Oil prices pushed through early losses to settle above US$70 a barrel Monday on the coat tails of strong equity markets and weakness in the U.S. dollar.
“It still recognizes the favourable vibes that it’s getting from the stock market, said Jim Ritterbusch, president of energy consultancy Ritterbusch and Associates.”
Benchmark crude for November delivery gained 46 cents to settle at $70.41 on the New York Mercantile Exchange.
Retail gasoline prices in the United States held steady overnight at $2.461 a gallon, but the average national price has dropped nearly 20 cents a gallon since mid-August as the summer driving season wound down, according to AAA, Wright Express and Oil Price Information Service. Consumers are paying about $1.06 less than they were at this time last year.
In Canada, the price of gasoline at the pump averaged 95.5 cents Canadian per litre, down from $1.015 per litre a month ago and $1.209 per litre at this time last year, according to price-watching website GasBuddy.com.
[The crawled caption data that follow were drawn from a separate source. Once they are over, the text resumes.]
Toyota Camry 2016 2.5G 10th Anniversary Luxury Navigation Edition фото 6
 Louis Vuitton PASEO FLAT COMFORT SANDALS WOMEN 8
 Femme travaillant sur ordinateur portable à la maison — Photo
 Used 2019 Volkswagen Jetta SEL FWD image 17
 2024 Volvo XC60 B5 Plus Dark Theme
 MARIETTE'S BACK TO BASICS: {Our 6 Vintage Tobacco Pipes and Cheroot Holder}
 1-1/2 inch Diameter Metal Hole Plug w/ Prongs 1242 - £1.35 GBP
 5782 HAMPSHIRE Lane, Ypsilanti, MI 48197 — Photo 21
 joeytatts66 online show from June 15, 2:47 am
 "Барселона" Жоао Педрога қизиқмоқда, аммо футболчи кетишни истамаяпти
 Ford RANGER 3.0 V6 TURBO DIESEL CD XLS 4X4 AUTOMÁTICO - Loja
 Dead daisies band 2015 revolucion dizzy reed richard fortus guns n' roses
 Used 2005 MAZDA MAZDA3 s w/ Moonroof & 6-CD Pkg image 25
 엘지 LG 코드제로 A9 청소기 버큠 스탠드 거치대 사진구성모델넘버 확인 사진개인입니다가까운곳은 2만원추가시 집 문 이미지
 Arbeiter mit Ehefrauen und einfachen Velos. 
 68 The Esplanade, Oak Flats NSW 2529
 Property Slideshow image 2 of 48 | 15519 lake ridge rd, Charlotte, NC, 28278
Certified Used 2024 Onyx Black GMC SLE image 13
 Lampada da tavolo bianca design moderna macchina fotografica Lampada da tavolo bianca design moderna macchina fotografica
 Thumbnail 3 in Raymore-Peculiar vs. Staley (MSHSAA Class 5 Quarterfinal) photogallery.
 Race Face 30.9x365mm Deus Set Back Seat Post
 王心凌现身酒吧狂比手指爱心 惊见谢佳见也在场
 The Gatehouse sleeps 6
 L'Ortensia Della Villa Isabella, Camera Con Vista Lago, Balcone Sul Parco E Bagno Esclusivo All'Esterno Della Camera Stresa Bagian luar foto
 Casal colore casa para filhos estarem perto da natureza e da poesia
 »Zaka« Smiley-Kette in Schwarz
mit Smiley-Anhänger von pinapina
Weak economic data weighed on crude prices last week. The U.S. reported worse than expected manufacturing and jobs numbers, with the unemployment rate rising to 9.8 per cent in September, the highest since 1983.
This week will feature a slew of third quarter company earnings reports that could hint at the health of the U.S. economy.
PFGBest analyst Phil Flynn said swelling U.S. crude supplies are staggering, but the dire state of the jobs market is also hitting the energy markets.
“Welcome to the jobless economic recovery that should reduce oil demand expectations even further as we look out into our future,” Flynn said in his morning report.
Federal Reserve chairman Ben Bernanke last week said that even though the recession is technically over, the economy will feel weak for some time.
Analyst and trader Stephen Schork said he believes Bernanke.
“In other words, the residue of this recession will linger in the psyche of the American consumer — whose spending drives two-thirds of the U.S. economy — for quite some time to come,” Schork wrote in his morning report.
The oil markets also slipped on geopolitical news out of Nigeria, where a rebel leader accepted a government amnesty offer to disarm. Unrest in the country has cut its oil production by a million barrels a day, allowing Angola to overtake it as Africa’s top oil producer.
Traders will eye the first earnings for the July-to-September period, with Aluminum producer Alcoa Inc., PepsiCo Inc. and Marriott International Inc. scheduled to report this week.